The problem is that currently whether the download is successful or not, the bootstrap file is being created. https://github.com/cdklabs/cdk-ecr-deployment/blob/main/lambda/install.js#L33

I checked the documentation on the got library and it seems like the errors on the stream should be treated separately https://github.com/sindresorhus/got/blob/HEAD/documentation/3-streams.md#response

You are right the bug was not introduced with the 3.x changes. But thinking about a general case, if the download fails because of any reason the file should not be created.

Also, it seems version 3.0.24 was fixed and now the artifacts are uploaded normally, so this problem should not happen again for now.

SamStephens commented 8 months ago

The file is not created when the docker image is built but when we try to download the bootstrap artifacts in the pipeline code below.

Well spotted, my mistake.

But thinking about a general case, if the download fails because of any reason the file should not be created.

Agreed. Looking a little at Stackoverflow, it looks like normal practice is to unlink the destination file if the download fails. But I've only really used Javascript in the browser and my knowledge of NodeJS I/O is minimal, so I wouldn't really know.

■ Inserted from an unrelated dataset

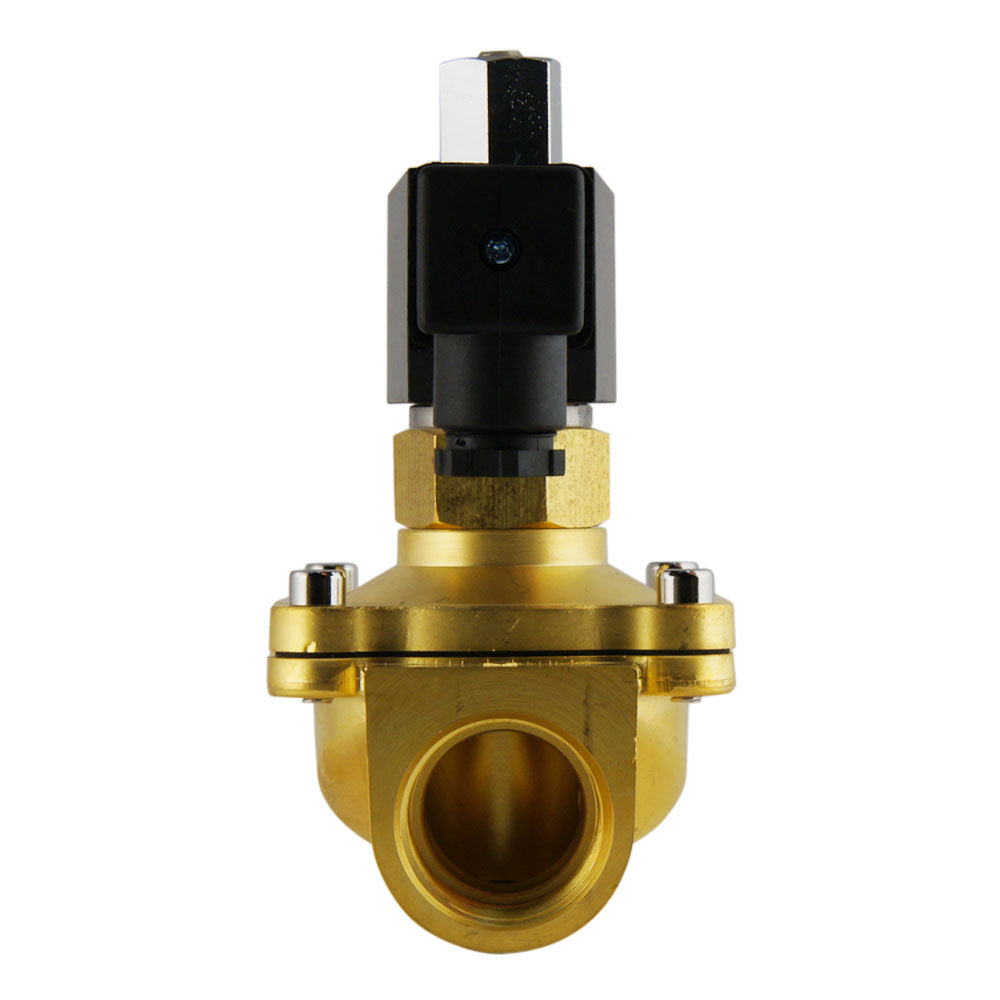 Magneetventiel DF-SB 1'' NO messing EPDM 0-5bar 230V AC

I still think the best path forward is to remove the prebuilt functionality entirely, to simplify this package due to lack of support.

RanbirAulakh commented 4 months ago

It seems like this problem came back in 3.0.58 -- I am facing this same issue

resource handler returned message: "Uploaded file must be a non-empty zip (Service: Lambda, Status Code: 400, HandlerErrorCode: InvalidRequest)
mikedescalzo commented 4 months ago

Can confirm seeing this error in version 3.0.67

On codepipeline synth:

Collecting cdk-ecr-deployment (from -r requirements.txt (line 9))
  Downloading cdk_ecr_deployment-3.0.67-py3-none-any.whl.metadata (5.0 kB)
...
Can not get prebuilt lambda: Error: Command failed: /usr/local/bin/node /tmp/jsii-kernel-466bYE/node_modules/cdk-ecr-deployment/lambda/install.js /tmp/jsii-kernel-466bYE/node_modules/cdk-ecr-deployment/lambda/out

Then while creating the lambda:

"errorMessage": "Uploaded file must be a non-empty zip",

edit: Issue is fixed by setting 'cdk-ecr-deployment==3.0.23' as recommended above

RanbirAulakh commented 4 months ago

@mikedescalzo If you pin cdk-ecr-deployment as 3.0.66, it fixes the issue for me!

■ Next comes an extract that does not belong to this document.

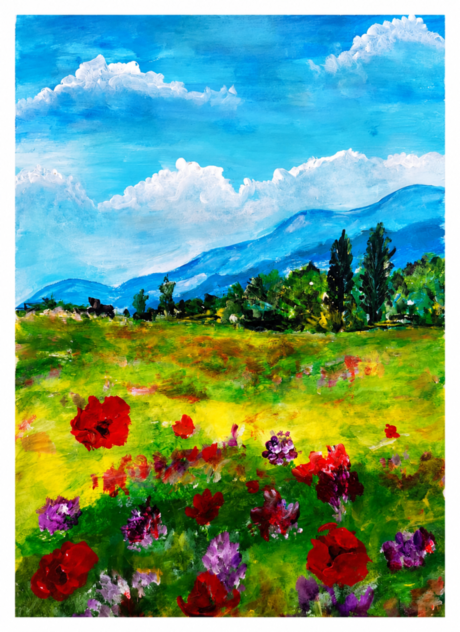 Azure Horizons | Original Art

bruceduhamel commented 3 months ago

I confirmed this issue today in cdk-ecr-deployment==3.0.75 using python 3.11 but was working with 3.0.71

dennmee commented 1 month ago

Having same issue with the latest version 3.0.100 , pinning to the previous one worked.

mzha999 commented 1 month ago

Hi @dennmee, could you please let me know which version you’re currently using?

dennmee commented 1 month ago

Hi @dennmee, could you please let me know which version you’re currently using?

We pinned it to 3.0.96 for now.

SamStephens commented 1 month ago

@mzha999 are you a maintainer of this package? If so, what do you think about removing the prebuilt Lambda functionality entirely, so the lambda is always built locally? The prebuild functionality keeps failing and causing issues, as we can see from this issue.

I don't think the prebuild gains us enough to be worth maintaining, especially considering how little development work goes into this package. Docker should cache the build, so not prebuilding shouldn't actually cost developers much time. I think we're better to remove this functionality and simplify the package. We're better off having the code focus on actual function, not build optimisations we do not really need.

jchong18 commented 1 month ago

Having the same issue here with 3.0.100. Changing to version 3.0.96 fixed the issue.

athewsey commented 1 month ago

Seeing same on 3.0.100 here too (aws-cdk-lib==2.140.0)

Even rolling back to 3.0.99 seemed to fix the deployment for us

ooiyeefei commented 1 month ago

faced the same issue when i set "cdk-ecr-deployment": "^3.0.109" but resolved with pinning it at 3.0.66 as mentioned by @RanbirAulakh !

mrgrain commented 2 weeks ago

3.0.100 to 3.0.109 are missing the pre-built lambda. Later versions should work. We are planning on replacing the current approach with something else.